Uno de esos conceptos que ha olvidado nuestra cultura contemporánea es la comprensión de la gloria. Porque quizás preferimos utilizar vocablos más propios del marketing como el éxito o los logros, pero que son menos religiosos y también mucho más limitados, por qué no reconocerlo. Y curiosamente, eventos como los Juegos Olímpicos que estamos viviendo estos días nos recuerdan que es algo propio del ser humano, y que de alguna forma todos anhelamos, y todos necesitamos.
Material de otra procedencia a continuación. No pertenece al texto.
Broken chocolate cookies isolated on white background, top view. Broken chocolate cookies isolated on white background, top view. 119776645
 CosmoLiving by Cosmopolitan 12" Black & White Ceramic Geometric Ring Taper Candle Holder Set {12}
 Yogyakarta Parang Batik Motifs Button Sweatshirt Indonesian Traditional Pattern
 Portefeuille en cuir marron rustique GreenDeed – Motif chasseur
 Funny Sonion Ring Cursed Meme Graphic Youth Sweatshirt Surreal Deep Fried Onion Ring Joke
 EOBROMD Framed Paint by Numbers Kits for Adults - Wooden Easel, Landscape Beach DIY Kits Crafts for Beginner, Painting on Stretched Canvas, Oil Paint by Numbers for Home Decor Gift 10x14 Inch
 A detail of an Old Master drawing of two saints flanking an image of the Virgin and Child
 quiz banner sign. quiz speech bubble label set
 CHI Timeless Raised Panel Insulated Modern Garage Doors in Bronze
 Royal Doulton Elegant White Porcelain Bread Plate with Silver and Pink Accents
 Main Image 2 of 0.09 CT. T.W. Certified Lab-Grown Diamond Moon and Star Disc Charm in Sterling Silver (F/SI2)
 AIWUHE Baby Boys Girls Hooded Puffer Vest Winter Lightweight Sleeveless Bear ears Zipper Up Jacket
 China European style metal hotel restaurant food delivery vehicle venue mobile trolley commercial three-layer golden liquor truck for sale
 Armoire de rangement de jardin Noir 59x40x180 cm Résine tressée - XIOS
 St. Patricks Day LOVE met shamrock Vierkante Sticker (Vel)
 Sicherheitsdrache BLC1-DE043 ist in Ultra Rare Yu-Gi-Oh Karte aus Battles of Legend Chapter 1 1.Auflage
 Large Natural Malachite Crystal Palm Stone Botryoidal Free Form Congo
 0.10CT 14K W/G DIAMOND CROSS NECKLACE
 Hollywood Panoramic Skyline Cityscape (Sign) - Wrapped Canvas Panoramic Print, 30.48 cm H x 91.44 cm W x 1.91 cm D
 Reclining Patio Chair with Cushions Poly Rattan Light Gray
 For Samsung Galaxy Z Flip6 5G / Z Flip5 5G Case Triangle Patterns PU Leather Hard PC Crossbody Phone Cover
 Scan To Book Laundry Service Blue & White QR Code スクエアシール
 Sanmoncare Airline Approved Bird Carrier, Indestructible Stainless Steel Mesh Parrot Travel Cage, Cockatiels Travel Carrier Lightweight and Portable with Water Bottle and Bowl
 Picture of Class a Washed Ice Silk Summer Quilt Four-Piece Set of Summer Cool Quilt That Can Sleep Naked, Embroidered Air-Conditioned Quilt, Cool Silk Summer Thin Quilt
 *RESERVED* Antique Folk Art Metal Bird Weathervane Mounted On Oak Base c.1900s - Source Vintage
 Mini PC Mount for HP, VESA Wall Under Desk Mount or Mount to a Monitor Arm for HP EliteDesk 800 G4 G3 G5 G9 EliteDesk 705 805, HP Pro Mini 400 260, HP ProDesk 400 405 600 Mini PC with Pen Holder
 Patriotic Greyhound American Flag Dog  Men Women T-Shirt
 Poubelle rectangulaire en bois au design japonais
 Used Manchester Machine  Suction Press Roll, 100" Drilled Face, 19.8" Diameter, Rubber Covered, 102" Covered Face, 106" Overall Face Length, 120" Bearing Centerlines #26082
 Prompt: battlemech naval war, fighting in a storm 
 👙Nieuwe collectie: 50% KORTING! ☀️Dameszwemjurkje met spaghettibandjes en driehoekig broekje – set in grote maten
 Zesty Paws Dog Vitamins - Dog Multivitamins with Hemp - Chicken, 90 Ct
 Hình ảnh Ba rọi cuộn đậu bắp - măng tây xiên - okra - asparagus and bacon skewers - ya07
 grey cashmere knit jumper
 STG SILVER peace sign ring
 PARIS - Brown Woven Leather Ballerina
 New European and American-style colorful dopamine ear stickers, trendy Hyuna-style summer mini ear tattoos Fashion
Incluso está hecha para ser compartida, algo que no cuadra con buena parte de nuestra cultura y pensamiento actual.
La gloria no es ganar, tener la medalla de oro, acumular reconocimiento, dinero o placer. Es algo mucho más grande, y mucho más accesible. Es la alegría con mayúsculas que resulta de las buenas acciones y de las grandes cualidades de una persona. Por tanto, la gloria no se limita a la victoria de un hecho, sino que es la victoria de toda una persona, por tanto aspiramos a ella cuando hacemos un Camino de Santiago, ganamos en los Juegos Olímpicos, en los paralímpicos o superamos un duro examen, donde más allá de la nota, brilla la victoria de una persona que se ha vencido a sí misma y a las distintas adversidades.
Aspirar a la gloria implica aspirar al reconocimiento de las virtudes del ser humano, de un modo de vivir que nos hace más plenos, más humanos, más divinos. Es reconocer que en nosotros hay una llama que flamea más allá de las dificultades, de los éxitos y de los fracasos que podamos vivir. Es en ella donde el sufrimiento pasado cobra sentido.
La gloria es el reflejo del Dios de la vida que nos hace mejores personas, y en nuestra mano está poder aspirar a ella en las pequeñas y en las grandes gestas de nuestro día a día.